彼はある種の愛国的な調子で次のように結論づけた。
「私はアメリカに対して法的に何の義務も負っていないことを承知の上ですが、それでもなお、アメリカの恵みを享受しながら何も貢献しない寄生虫にはならないよう、自発的に努力します。むしろ、いつかアメリカを去る時が来るでしょうが、アメリカに滞在することで、少なくとも私の人生がアメリカの恩恵によって豊かになり、幸せになったのと同じくらい、アメリカをより偉大でより良い国として残せるよう、アメリカ国家の保護と発展に自ら進んで参加します。これが、たとえ一時的なものであっても、良きアメリカ人としての私の信条です。アメリカは自国民にこれ以上のものを要求できるでしょうか?」
カワイは、1936年クリスマスの『羅府新報』に掲載された「大学卒業生、人生の現実に備えよ」と、1937年6月の『日米』に掲載された「夏期学生に関する覚書」という2つのエッセイで、大学教育の意味について考察した。大学教育を修了しても必ずしも良い仕事に就けるわけではないと彼は認めていた。地域社会には既に、容易に吸収できる以上の医師、弁護士、専門職がいた。優秀な二世の多くが大学を修了したものの、彼らに残された仕事は果物屋くらいしかなかったのだ。

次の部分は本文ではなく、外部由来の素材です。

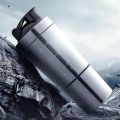 Under Armour Steel Gym Shaker with Storage Container for Protein Powder | Double Walled Insulation | BPA Free | Leak Proof (750 ML-Silver).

さらに、教育を受けたからといって、その人が本当に賢いか、あるいは卒業生が善良な人間であるかが証明されるわけではありません。大学を卒業したのに刑務所に入っている人もいました。二世全員が大学進学に向いているわけではありません。大学教育が学生に与えてくれたのは、批判的に考える力、耳にするニュースに懐疑的になる力、そして情報を探し求める力でした。また、精神と魂に関わる物事を理解し、良識を学び、より洗練された人間になる機会も与えられ、収入レベルに関わらず豊かな生活を送ることができるようになりました。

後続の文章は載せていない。